Sin embargo, el hecho de que la ciencia no haya determinado el origen médico de laendometriosis no significa creer que la causa es puramente psicológica. Esta creencia puede ser peligrosa. Por otra parte, la presidente de la Asociación Juntos contra la Endometriosis nunca ha recibido testimonios de mujeres que hayan encontrado un vínculo entre su enfermedad y una posible causa psicológica

Sin embargo, ciertos estudios (a veces no confirmados por otros más vastos) demuestran que las emociones pueden tener un impacto en el origen de la enfermedad y la percepción del dolor.

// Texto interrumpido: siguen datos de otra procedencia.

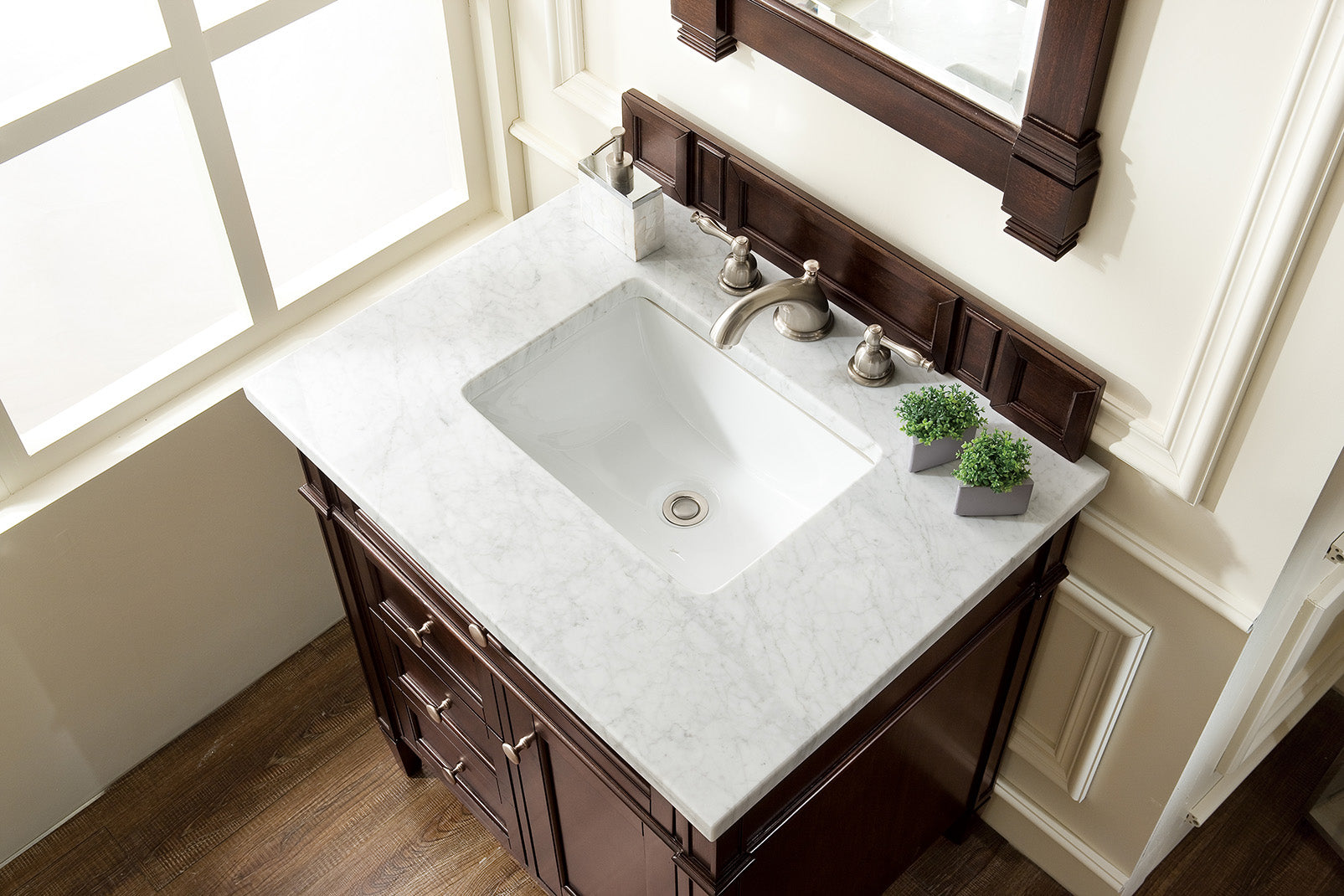 Brittany 30-Inch Single Bathroom Vanity with Burnished Mahogany Finish & 3CM Carrara Marble Top - Perfect for Modern Master Bathrooms and Powder Rooms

Estrés, depresión o trauma sexual y endometriosis

A veces, sólo es necesaria una simple pregunta acerca de la vida de la paciente para relacionar el dolor con un evento pasado. “Cuando a algunas pacientes se les pregunta acerca de la aparición del dolor menstrual, evocan un pasado difícil. Aproximadamente una de cada dos (hay que insistir en esta proporción) evoca una situación estresante en la adolescencia o la edad adulta temprana: un sentimiento de abandono por parte de las personas de su entorno y causa prolongada de ansiedad, o abuso sexual, traumas que podrían haber ocurrido en cualquier momento de sus vidas.

En ocasiones se juntaron dos posibles causas: el abandono y la falta de afecto o atención colocaron a la niña o la adolescente en una situación que favoreció el abuso físico”, explica el doctor Belaisch en una de sus publicaciones sobre la enfermedad titulada “Endométriose entre le bas ventre et la tête“. (Endometriosis entre el bajo vientre y la cabeza).

Ya sea para recibir apoyo frente al dolor, analizar las causas de la enfermedad o por el deseo tener hijos, un apoyo psicológico puede ser útil. Así lo afirma el psicoanalista Jean -Michel Louka en la publicación Cahiers de Syngof del Sindicato de ginecólogos obstetras de Francia en marzo de 2008:

“Sucede a veces, como es mi experiencia y sin que yo pueda prometer que en cada caso será así, que la endometriosis de una paciente en el diván del psicoanalista se calma, los dolores desaparecen, las cirugías repetidas se hacen innecesarias y el bebé,… llega”.

Hay que recordar que en el diagnóstico de la endometriosis, el primer paso debe ser tratar los síntomas de la enfermedad con la ayuda de un médico. A veces, un tratamiento hormonal adaptado es suficiente para alcanzar el bienestar físico y mental.